In the same manner as in Example 4, round-bar molded bodies were produced by pultrusion molding and subjected to a CVI process, thus obtaining respective UD-C/Cs of examples. In doing so, the number of CFs (number of carbon fibers) was varied from example to example, thus obtaining molded bodies having different Vf (fiber volume contents) as shown in Table 1.

Example 24

A UD-C/C of Example 24 was obtained in the same manner as in Example 3 except that 55 12K tows were paralleled using high-strength mesophase pitch-based carbon fibers (tensile modulus of elasticity: 640 GPa, tensile strength: 3 GPa) instead of the PAN-based 24K high-strength carbon fibers.

Example 25

A UD-C/C obtained in Example 24 was further subjected to a CVI process. Specifically, the UD-C/C was raised in temperature to 1100° C. and then impregnated with pyrolytic carbon by flowing propane gas at a flow rate of 10 (L/min) onto the UD-C/C sample while keeping the pressure controlled at 10 Torr for 80 hours, thus obtaining a UD-C/C of Example 25.

Comparative Example 1

A 2D-C/C (obtained by adding phenolic resin to PAN-based carbon fibers, subjecting them to press molding, and then repeatedly subjecting them to pitch impregnation and firing for densification) was used as a 2D-C/C of Comparative Example 1 as it was.

Comparative Example 2

A 2D-C/C (obtained by adding phenolic resin to PAN-based carbon fibers, subjecting them to press molding, and then repeatedly subjecting them to pitch impregnation and firing for densification) was further subjected to a CVI process. Specifically, the 2D-C/C was raised in temperature to 1100° C. and then impregnated with pyrolytic carbon by flowing propane gas at a flow rate of 10 (L/min) onto the 2D-C/C sample while keeping the pressure controlled at 10 Torr for 80 hours, thus obtaining a 2D-C/C of Comparative Example 2.

Comparative Example 3

A 2D-C/C of Comparative Example 1 was subjected to the same process as in Example 7, thus obtaining a 2D-C/C of Comparative Example 3.

Comparative Example 4

Unidirectional carbon fiber cloths (UD cloths) in which high-strength PAN-based carbon fibers of the same type as in Example 1 and acrylic organic fibers as weft were used were impregnated with a phenolic resin of the same type as in Example 1, thus obtaining unidirectional prepregs (UD prepregs). The UD prepregs were layered and pressed at 160° C. in a hot press, thus obtaining a molded body. Thereafter, the molded body was subjected to the same process as in Example 1, thus obtaining a UD-C/C of Comparative Example 4.

Comparative Example 5

Unidirectional prepregs (UD prepregs) were obtained by impregnating high-strength PAN-based carbon fibers of the same type as in Example 1 with a phenolic resin of the same type as in Example 1 and unidirectionally paralleling the carbon fibers with a filament winding machine. The UD prepregs were layered in a mold and pressed at 160° C. therein, thus obtaining a molded body. Thereafter, the molded body was subjected to the same process as in Example 1, thus obtaining a UD-C/C.

Comparative Example 10

In the same manner as in Example 2, a flat-plate molded body was produced by pultrusion molding and subjected to a CVI process, thus obtaining a UD-C/C of Comparative Example 10. In doing so, the number of CFs (number of carbon fibers) was varied from Example 2 to obtain a molded body having a Vf (fiber volume content) of 50% as shown in Table 1.

[Evaluations]

(Measurement of Bulk Density and True Density)

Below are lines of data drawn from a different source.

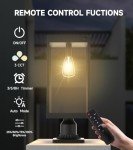 Outdoor Solar Lamp Post Light with Dusk to Dawn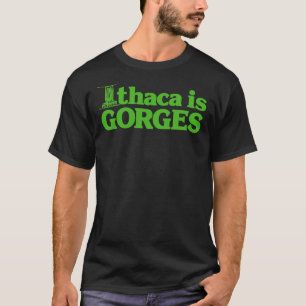 Classic Ithaca ist Gorges Kelly Green Classic T-Sh T-Shirt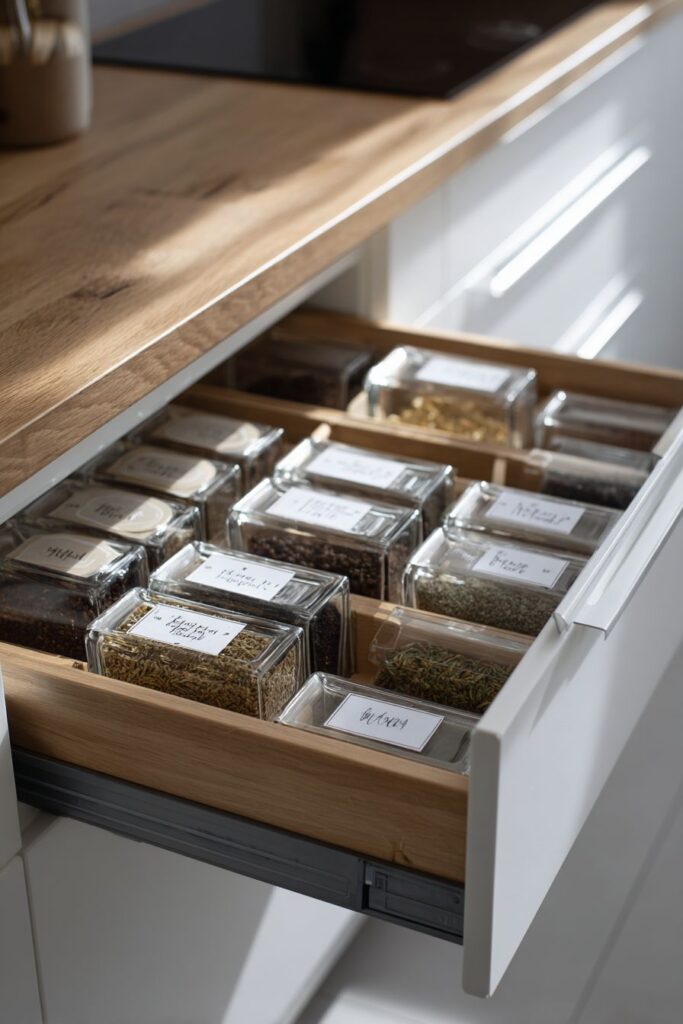 Modern Pull-Out Drawer System Excellence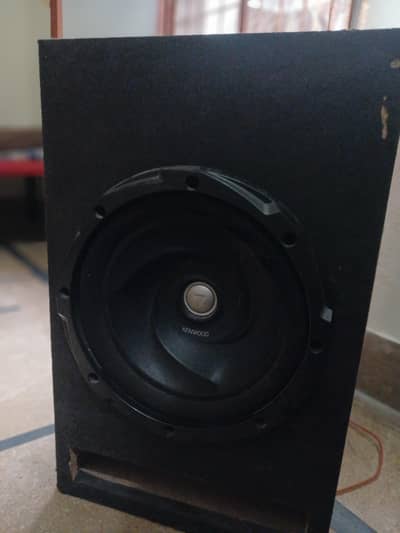 kenwood woofer 3010 original with amplifier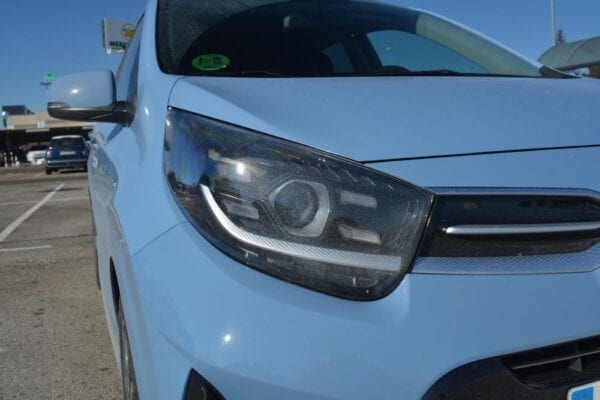 KIA Picanto GT-Line faro delantero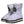 Dolce & Gabbana White Viscose Padded Mid Calf Boots Shoes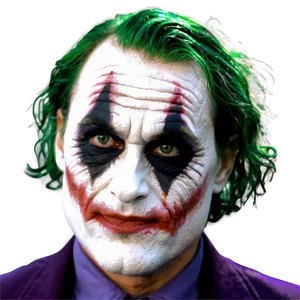 Joker Makeup Tutorial PNG Dct80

The bulk density was calculated by measuring the dimensions and mass of a cuboid obtained by mechanically processing the C/C composite. The true density was obtained by measuring crushed sample by the liquid-phase immersion method using butanol.

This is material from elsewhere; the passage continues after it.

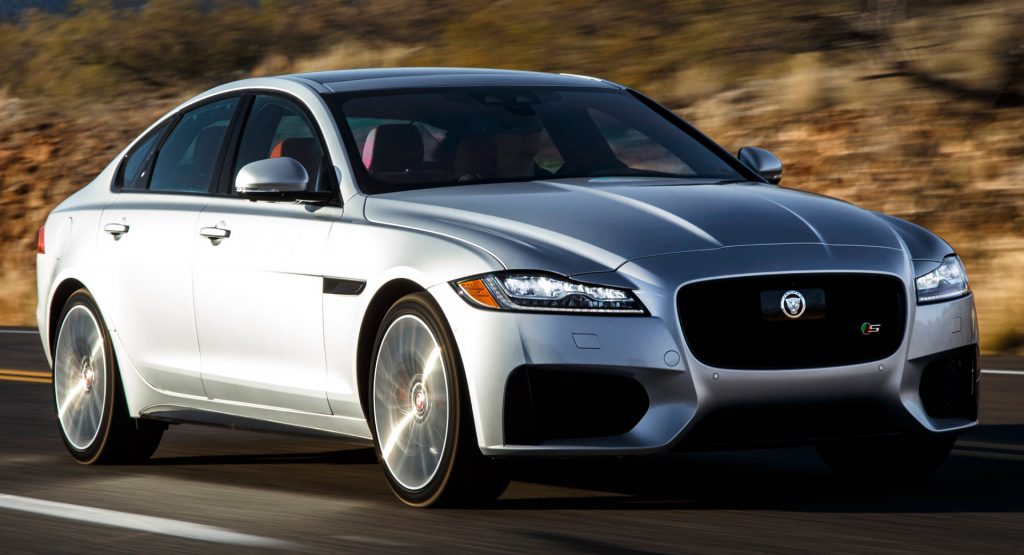  Jaguar Bringing Major Updates To 2020 XF And F-Pace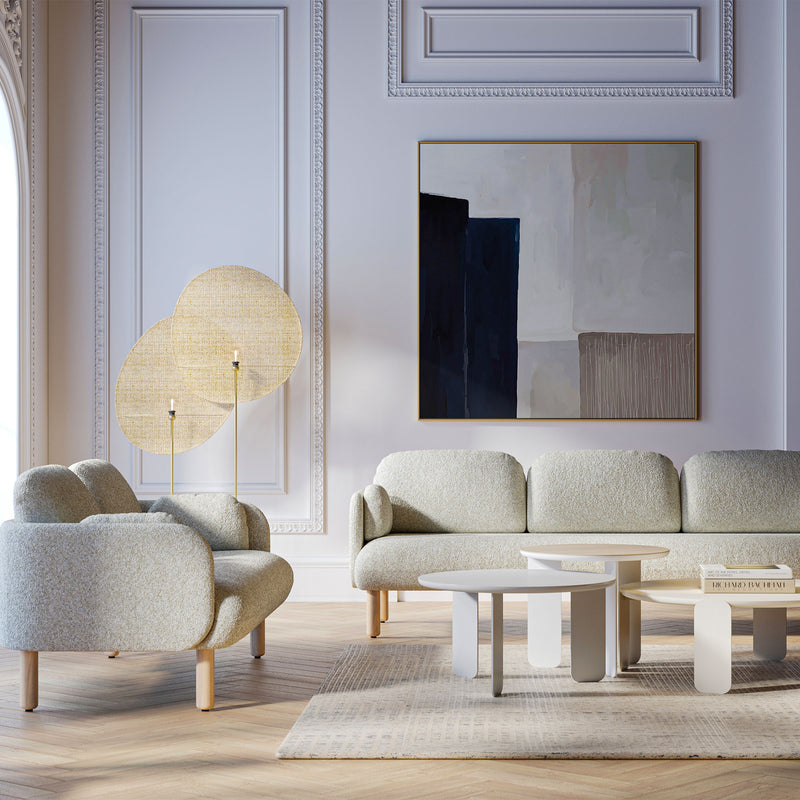 MYAMI Premium-Sofa | 1550-2250 x 790 mm, 2- oder 3-Sitzer - 6 Main Image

(Measurement for Open Pores)

The obtained C/C composite was cut into a 5-mm square, thus obtaining a sample for mercury porosimetry. This sample was measured with a mercury porosimeter (AutoPore IV 9500 manufactured by Micromeritics Instrument Corporation) and the open porosity for each pore radius was calculated from the cumulative pore volume and the bulk density. The open porosity for overall pore radius was calculated from the cumulative pore volume in a range of pore radii of 68.7 to 0.0074 μm. The closed porosity was calculated from the difference between the total porosity and the open porosity. In the mercury porosimetry, the maximum pressure applied was 207 MPa and the pore radius was determined based on the Washburn equation from the pressure of mercury applied by the mercury porosimeter. The Washburn equation is expressed as: r=−2δ cos θ/P, where r represents the pore radius, δ represents the surface tension of mercury (480 mN/m), θ represents the contact angle (a value of 141.3° was used in the present invention), and P represents the pressure.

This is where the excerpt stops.